I can’t quite believe it, but the year’s over. Again. I can’t quite figure out where it went. We’ve grown fond of saying “time is fake and homophobic” around our house.
This means it’s time to update my blog again, because I can’t be relied upon to write about things as they’re happening, clearly. Let’s take things one at a time.
LaunchDarkly
As I wrote about, I started a new job working on the Internal Tools team at LaunchDarkly in January. As I predicted, there was a bit of culture shock and adjustment to be done, and I’m learning a lot. I’m spending a lot of time working on automation, but I’m also spending an appreciable amount of time working on process and structure. The team is relatively new, and was small before I joined, and has grown considerably since then. We found we needed to iterate on how we work, and it has been interesting trying to help with that iteration, sharing things I’ve learned in my career, while remaining open to there being other ways to do things than how I’ve seen them work before.

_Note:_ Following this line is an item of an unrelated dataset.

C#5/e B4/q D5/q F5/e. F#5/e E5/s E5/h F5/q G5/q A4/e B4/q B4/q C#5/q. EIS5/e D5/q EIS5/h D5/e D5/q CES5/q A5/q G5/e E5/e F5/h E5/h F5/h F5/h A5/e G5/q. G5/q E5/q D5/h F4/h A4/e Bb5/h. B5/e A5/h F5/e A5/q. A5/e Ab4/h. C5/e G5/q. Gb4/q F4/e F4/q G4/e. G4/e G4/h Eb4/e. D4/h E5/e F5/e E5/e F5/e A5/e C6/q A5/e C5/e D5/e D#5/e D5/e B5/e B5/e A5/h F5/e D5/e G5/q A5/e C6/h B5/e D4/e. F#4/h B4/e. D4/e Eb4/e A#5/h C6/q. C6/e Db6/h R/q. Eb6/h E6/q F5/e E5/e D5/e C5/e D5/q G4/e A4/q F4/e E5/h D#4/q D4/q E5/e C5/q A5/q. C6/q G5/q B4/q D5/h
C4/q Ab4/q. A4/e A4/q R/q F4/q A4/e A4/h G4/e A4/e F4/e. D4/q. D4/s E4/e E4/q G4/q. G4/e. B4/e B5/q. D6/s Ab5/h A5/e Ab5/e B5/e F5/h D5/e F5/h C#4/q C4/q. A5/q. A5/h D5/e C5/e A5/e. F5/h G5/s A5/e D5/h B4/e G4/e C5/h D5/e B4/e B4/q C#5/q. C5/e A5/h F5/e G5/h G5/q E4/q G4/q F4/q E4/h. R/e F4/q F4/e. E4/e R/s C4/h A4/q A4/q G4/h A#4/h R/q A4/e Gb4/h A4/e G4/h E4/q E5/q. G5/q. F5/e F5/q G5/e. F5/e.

In the last couple of months, we’ve hired my friend Margaret to be the team’s manager, which I’m very excited about.
Pride
At the start of 2022, I got involved with the group of people organizing our local Pride celebration, to put on the first in-person Pride since 2019. Shortly after I joined up, my husband Ethan joined as well. We were operating under a fiscal sponsor 501(c)(3) organization, but were largely just a random assortment of people without much structure. We managed to pull together a week of events, and I’m really proud of what we achieved. I thought with more structure and planning, we could pull off something even better in 2023. People seemed amenable to this, so I started working on it.
Long story short (very long. State/federal/local corporation/non-profit stuff is wild.) with the help of a bunch of the other organizers and the pro-bono support of a local law firm, I managed to get us set up as a standalone 501(c)(3) organization.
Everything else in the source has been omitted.